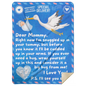 Stork And Baby | Airmail Blanket For Expectant Mother | 4 OPTIONS / 2 SIZES AVAILABLE | Premium Sherpa Blanket | 50x60 Throw Or 60x80 Queen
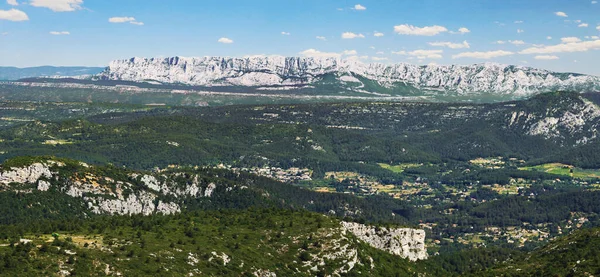 Rocky Bar Sainte Victoire Mountain Provence —  Fotos de Stock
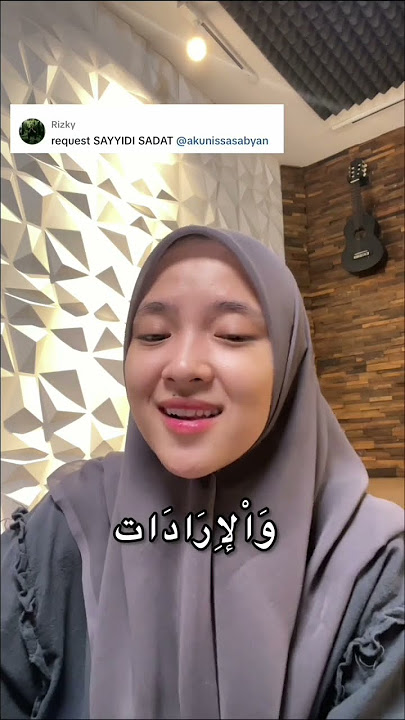 Sayyidi sadat🤍 #nissasabyan #sabyan #sholawat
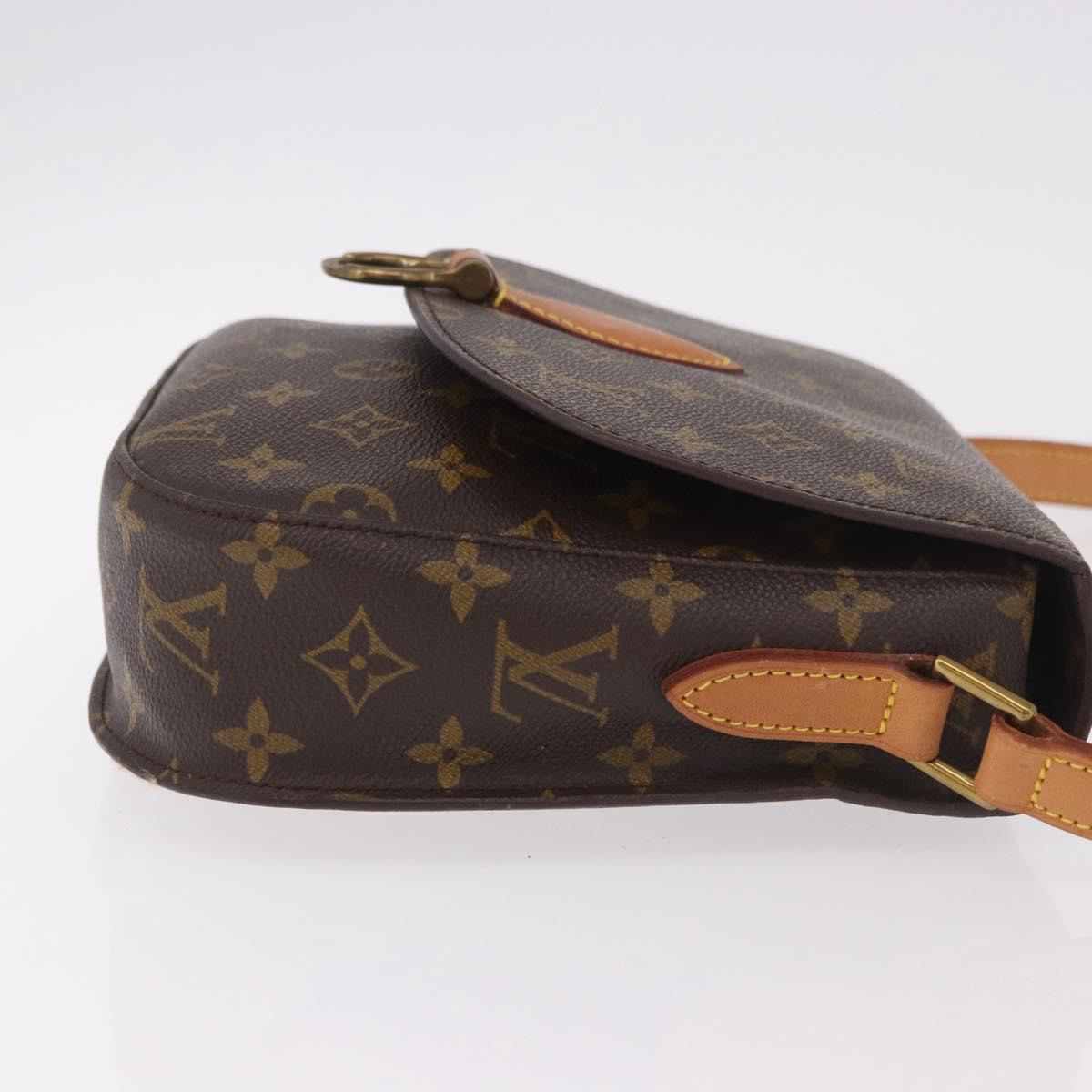 LOUIS VUITTON Monogram Saint Cloud GM Shoulder Bag M51242 LV Auth ep15070A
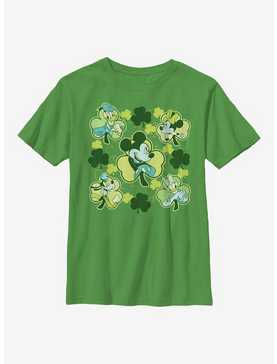 Disney Mickey Mouse Friends Clovers Youth T-Shirt, , hi-res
★ ★ ★ ★
▶ Your goal
The answer must be an exact copy of the entries, with the pictures omitted.

▶ Expected answer
 Stork And Baby | Airmail Blanket For Expectant Mother | 4 OPTIONS / 2 SIZES AVAILABLE | Premium Sherpa Blanket | 50x60 Throw Or 60x80 Queen
 Rocky Bar Sainte Victoire Mountain Provence —  Fotos de Stock
 Sayyidi sadat🤍 #nissasabyan #sabyan #sholawat
 LOUIS VUITTON Monogram Saint Cloud GM Shoulder Bag M51242 LV Auth ep15070A
 Disney Mickey Mouse Friends Clovers Youth T-Shirt, , hi-res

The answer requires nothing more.